◆ **TASK INSTRUCTIONS**
Could you retype the lines below, starting at the line holding "Waterstone Properties" and stopping at the line holding "Neue Wohnbaugenossenschaft", inclusive? Copy them exactly and drop the images.

Top of RECORDS FOR THE EXERCISE

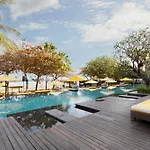 Grand Seminyak Lifestyle Boutique Bali Resort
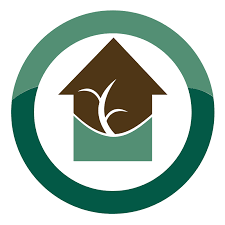 Waterstone Properties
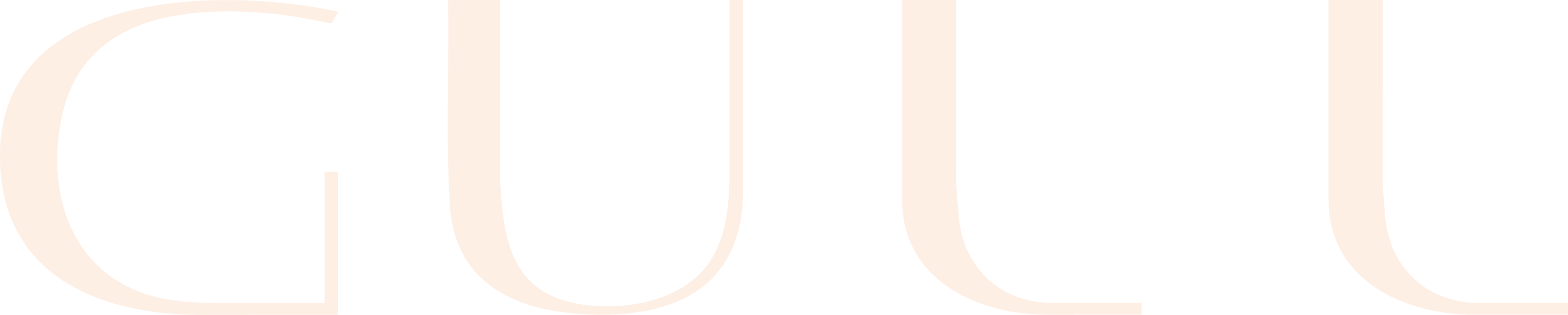 Gull Logo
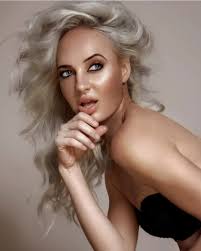 Ultimate Model & Talent Agency, INC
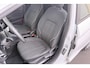 Ford Fiesta 1.1 5-Drs Business Navigatie Cruise DAB Bluetooth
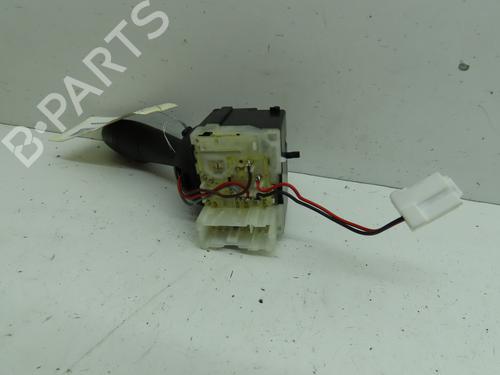 Used Headlight switch RENAULT CAPTUR I (J5_, H5_) 0.9 TCe 90 (90 hp) 15799467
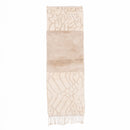 Nohaila - Luxury Shag Moroccan Rug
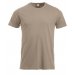 820 Caffe latte,XS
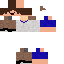 Texture for ugvuv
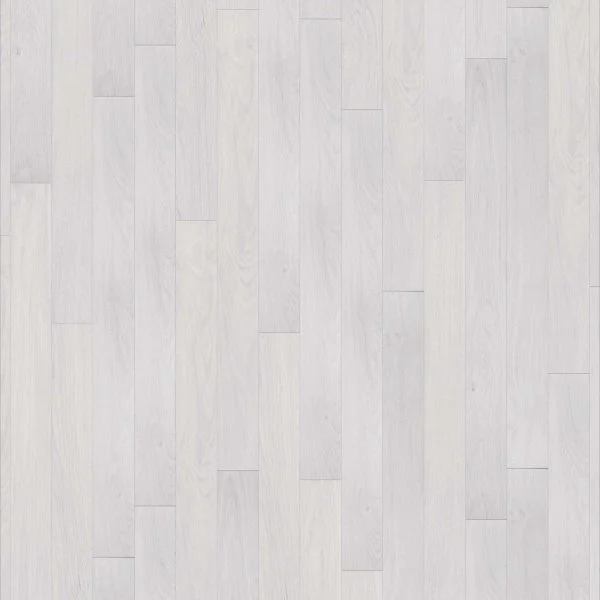 Ламинат Tarkett Gallery 1233 Дега (0,749м2) в Орске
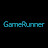 Game Runner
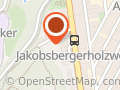 Neue Wohnbaugenossenschaft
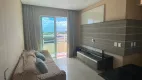 Foto 14 de Apartamento com 3 Quartos à venda, 60m² em Cambeba, Fortaleza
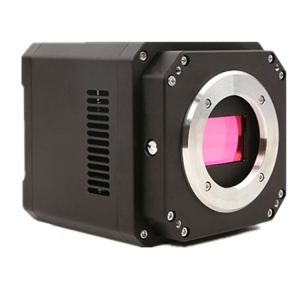 EHD 工业USB3.0相机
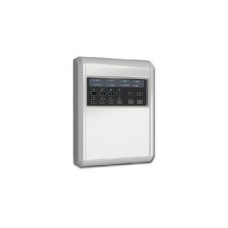 Концентратор сети с передатчиком RS-202TDm Альтоника Риф-ОП-КС (RS-202TDm)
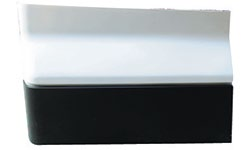 047524-1
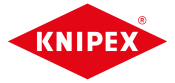 Knipex_logo.svg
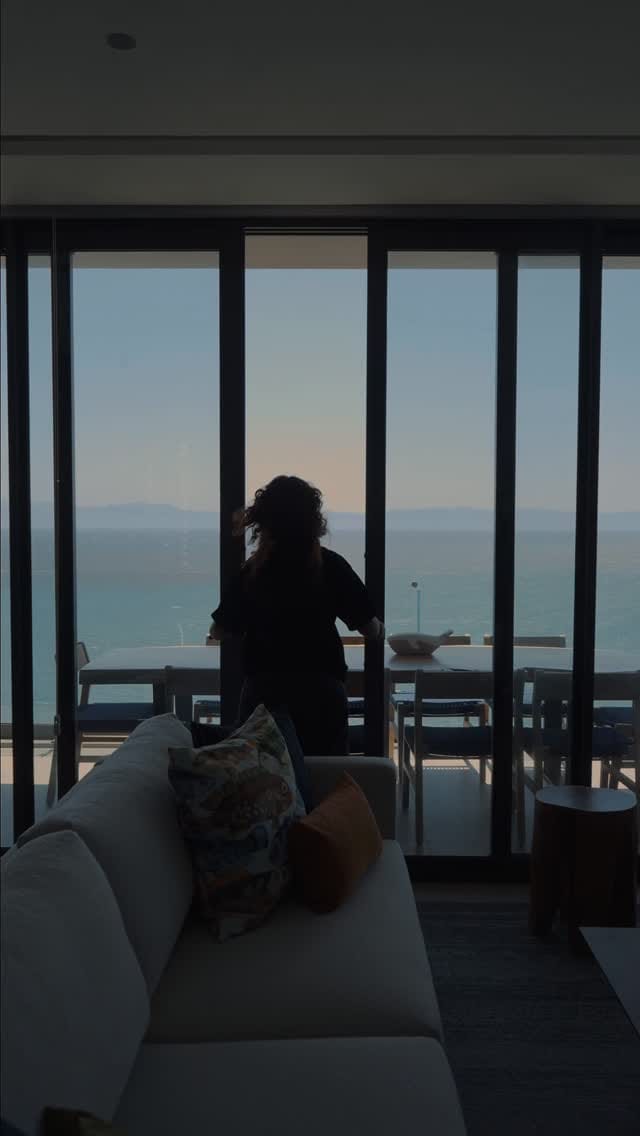 Post 7 by AMATES - Interiorismo y Arquitectura on Instagram (video)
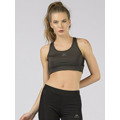 Top 298 TP TL 97105.48 khaki (3108920) - 13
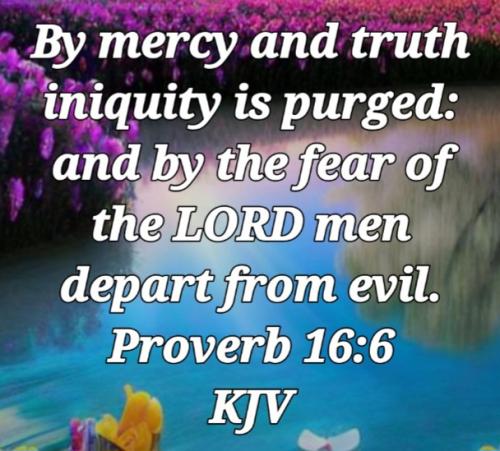 01:26:04 GMT-0700 (PDT)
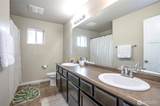17712 17th Avenue - Photo 33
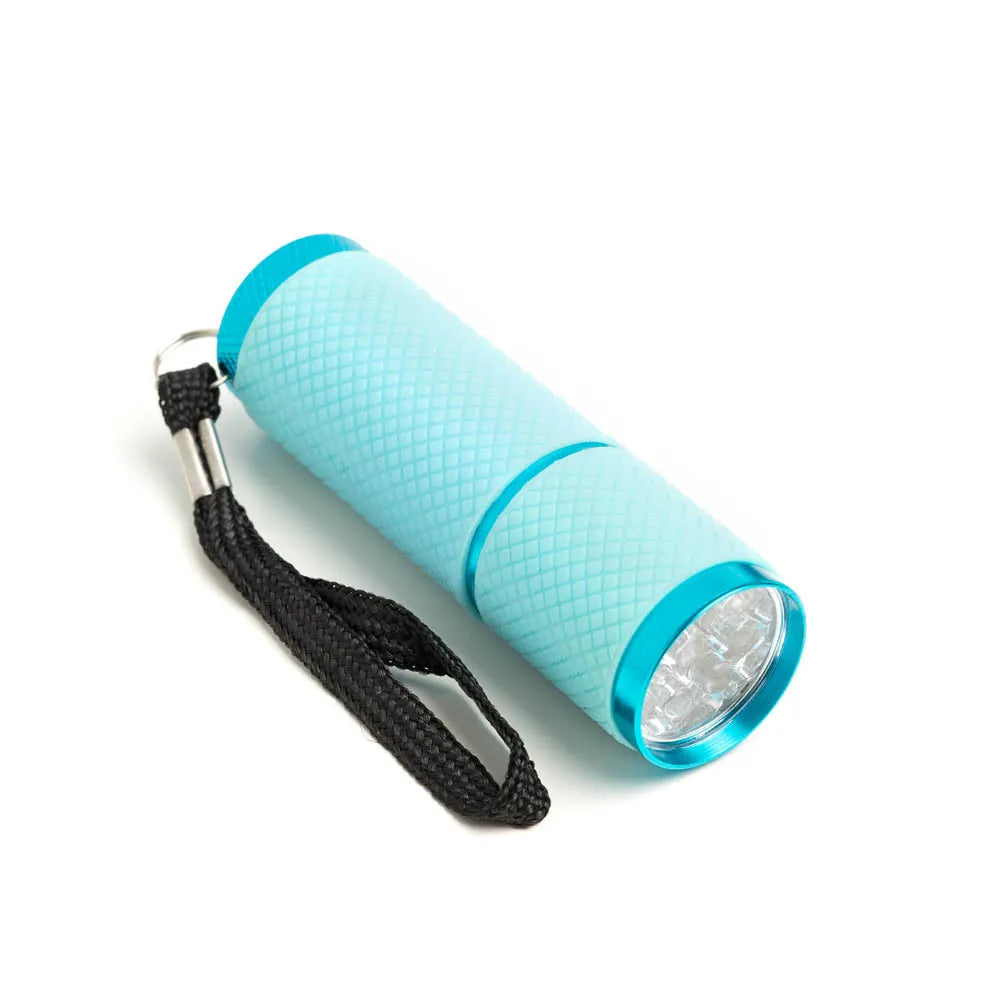lampa-led-lanterna-albastra-oranjollie2424-1.jpg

Bottom of RECORDS FOR THE EXERCISE

◆ **YOUR SOLUTION**
 Waterstone Properties
 Gull Logo
 Ultimate Model & Talent Agency, INC
 Ford Fiesta 1.1 5-Drs Business Navigatie Cruise DAB Bluetooth
 Used Headlight switch RENAULT CAPTUR I (J5_, H5_) 0.9 TCe 90 (90 hp) 15799467
 Nohaila - Luxury Shag Moroccan Rug
 820 Caffe latte,XS
 Texture for ugvuv
 Ламинат Tarkett Gallery 1233 Дега (0,749м2) в Орске
 Game Runner
 Neue Wohnbaugenossenschaft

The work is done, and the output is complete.